A Label by any Name is Still Just a Label
Recently I started to read an article about technology and what generations thought about other generations using technology. I was expecting tongue in cheek humor and something enduring like the current Progressive Insurance ad campaign “Progressive can't save you from becoming your parents, but we ... “. Instead, it was a post full of blame, disdain of people who were not in the author’s generation and a tremendous amount of anger. It made me consider just how dangerous grouping people together and placing labels on them - for any reason - can be.
While generations have grown up using technology, it does not mean that other generations do not know, understand, and have proficiency with technology. Just by being in an age group does not equal technological ability, prowess, or skills. The biggest users of social media are ages 24-34. However, that does not address what other groups are fluent in social media. Nor does that mean that social media will continue as the technological platform of choice in five or ten years. Cartoons depicting older people as tech neophytes are just as label reinforcing as those of millennials tripping and falling because they don’t look up from their smart phones when walking. Both are demeaning to both groups.

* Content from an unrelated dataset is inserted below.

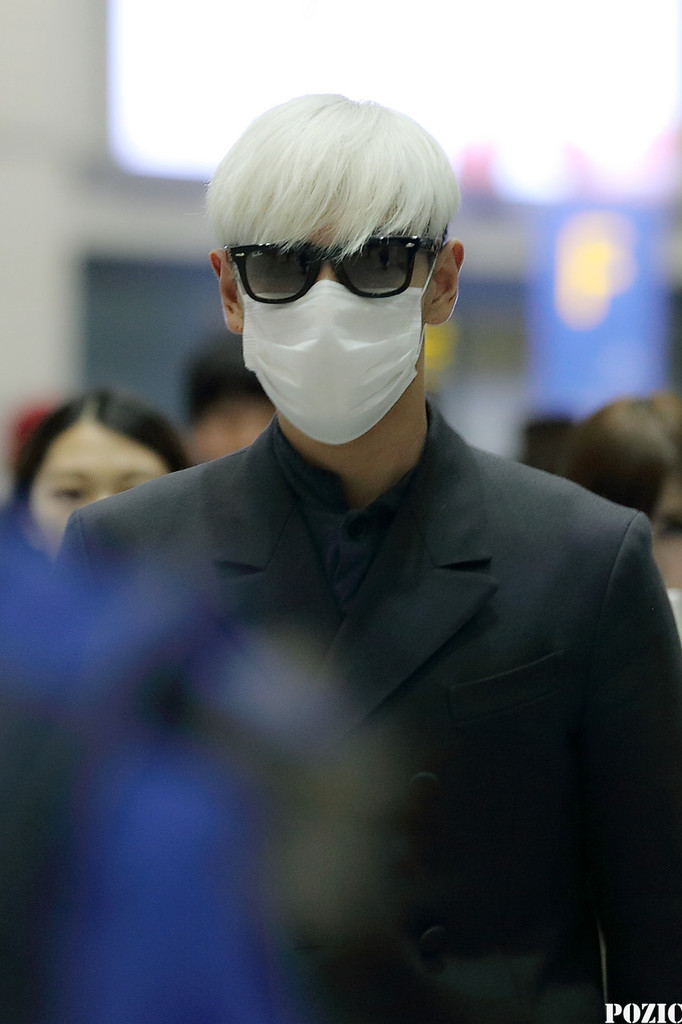 TOP Incheon 2015-01-31 by pozic 2.jpg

How many times have you heard or read that millennials are unmotivated, expecting participation awards, don’t want to work hard or just fill in the blank? Or the offsetting conversation that boomers have taken all of the riches, expect others to support them, are greedy or just fill in the blank? The labels applied to the people who comprise these two generations are hurtful, harmful and untruthful. While there are people who don’t want to work hard in all generations, there are more people who do want to work hard in all generations. The negative labeling of being a boomer or a millennial, without consideration of the individual, is particularly harmful. Ageism, particularly for women, is rampant. If we are fortunate, we will all become old. It is a simple fact. However, in the US, we are youth obsessed. Media messages, advertising, even the people who read the “news” are focused on youth. The message, which is heard so frequently it becomes internalized, is young is good and old is bad. Again, reinforcing labels.
Labels are limiting. They reduce the opportunity for learning. Many recent articles about successful mentoring discuss the shift from traditional mentor model to a new model. Gone is the model of a senior person sharing knowledge with a younger person which was an exclusively top down model.Instead, the current mentoring model is both top down and bottom up. There is a sharing of knowledge from both parties and both parties gain knowledge from the relationship. It is more inclusive, removes labels and adds value.

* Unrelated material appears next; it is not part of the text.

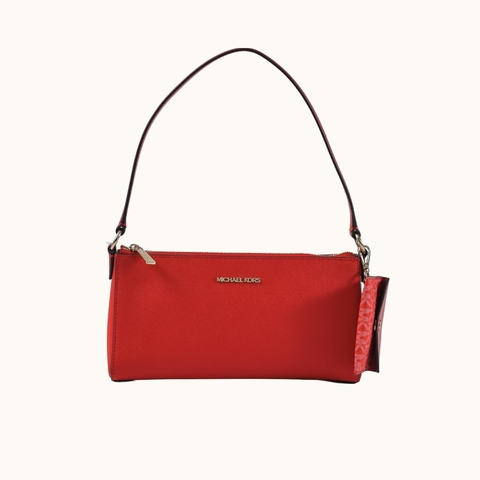 BOLSO MICHAEL KORS
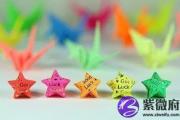 紫微斗数：何谓辅星与杂曜？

Missed opportunities are the biggest negative of labeling. All of the missed opportunities to learn, build a relationship, see things from a different perspective or to broaden thinking are lost.A missed opportunity cannot be recovered at another time. It is simply missed. Conversely, it is replaced with impatience, lack of understanding and reinforcement of the stereotype.
We can shift the labeling as we all have the power to not simply accept and reinforce any stereotype. There are enough walls in the United States that we do not need to create more. We can fight labels, ageism, and stereotypes by investing in learning, expanding our horizons, and in relationships. When we only view the label – not the person - we rob ourselves of an opportunity and deprive someone else of what makes them human. Big change can start in small ways.